Living the good life in Pompeii

Location is everything. If you can ignore the occasional earthquake and having Mount Vesuvius looming over your shoulder, well then Pompeii in the first century CE was quite the place. Today we got to see a few more things than we saw a few years ago, also now knowing a bit more about what we were looking at. One never knows which houses will be open at what time here, and the ticket sellers are certainly not going to provide that information.

So it was just luck that we saw the House of the Faun, the House of Venus in a Shell, the House of Mendander and a few other domiciles of the rich and famous. If you were on the A list, the dinner parties must have been quite something. The faun and the Alexander mosaic in the House of the Faun are reproductions, but the overall effect of its frescoes and peristyle gardens and those of all the other lavish houses which remain can certainly give one house lust.

The public areas like the forum with its Temple of Apollo, various other temples, the theater, the Odeon (small enclosed theater) and the large Ampitheatre give a good idea of what the populace was doing when they weren’t at home. They were talking, visiting, shopping, watching plays, hearing orators or cheering on gladiators.

Done with all that? Then it’s time for the baths. The Stabian Bath complex is mostly intact, with its three different temperature tubs, the caldarium, tempidarium and frigidarium – one set for each sex. The center courtyard was the gym area, and all of it must have been beautiful. Note the small niches which served as lockers, and the still-glorious marble floors.

Attention must be paid to the graffiti still visible on the walls, which announced games or pumped for candidates for office. And then there is Pompeian fast food – the snack bars all over town, which would have served olives or soup or some other treat from their street locations.

Our last stop today was the Villa of the Mysteries, slightly outside of town. It is so called because of a room with frescoes that seem to indicate that young girls were prepared for initiation into the mysteries of the cult of Dionysius there. I’ll buy that. What a gorgeous place.

And then there is just the overall wonder of the place. Yes, there was definitely one bad day in the life of Pompeii. But what a life it was and what beauty it contained. Today a small French boy jumps for joy across the blocks in the street, just as many young boys before him must have done. The humanity of Pompeii is its greatest gift.

Don’s Food Corner

It wasn’t much of a food day, except for encountering Italy’s bizarre concept of a cafeteria in what had been Pompeii’s forum baths.
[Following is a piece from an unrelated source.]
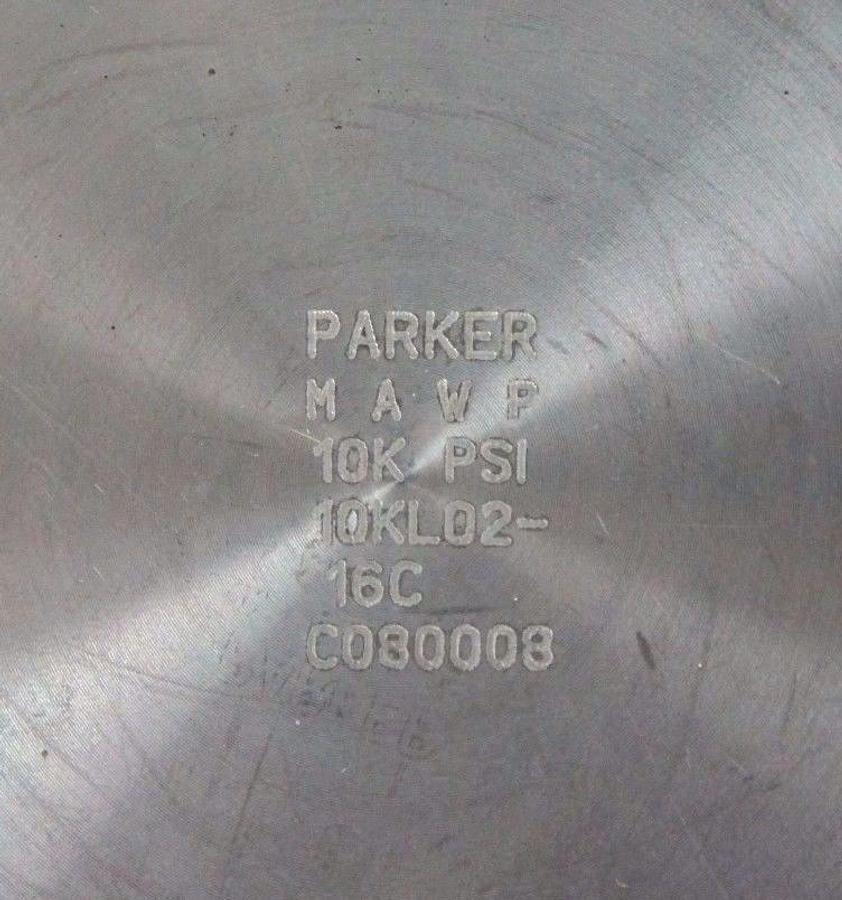 Used NEW PARKER 10KL02-16C ELBOW 1" NPT MAWP 10L PSI, C080008, 10KL0216C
Unlike a cafeteria in the U.S., in Italy you do not pick up a tray and move along a counter, picking out what you want as you go and then paying for whatever you’ve chosen at the end. No. In Italy — and especially at the “cafeteria” at Pompeii — you first go to the cashier and tell the person at the cash register what it is you want, then you pay for it and you are given a receipt that has printed on it what you have ordered. THEN, you go to the counter, hand your receipt to person behind the counter who will then gather the food you ordered and paid for and put it on a tray.

Now, if you have followed this chain of events carefully, you might have noticed that there is no way of knowing before you go up to the cashier what is available to order. There is no menu. You haven’t been able to walk down a line of food items on display to choose what you want.  No, you have to know in advance what they have and pay for it. Plus, there are two lines.  One to order and pay for whatever you want and a second line to pick up the items.

The only certain way to know what you might be able to order is to look on the trays of people who have already picked up their food and order something that looks like you might want it.

Exasperating and time-consuming. We took the path of least resistance. After seeing people walk away with big slices of pizza, we ordered that. (We also saw people with spaghetti and lasagna, but it is uncertain how they knew they could order these dishes.) As for the pizza itself, it seemed pretty good. Or was it that we were so relieved to have anything that it tasted so good?

Also, since it was lunchtime, there was only a skeleton crew on duty. There are strong unions here, you see, and the bulk of the cafeteria workers were on their mandated lunch breaks, making it a very long process to get that slice of pizza. Is that all clear?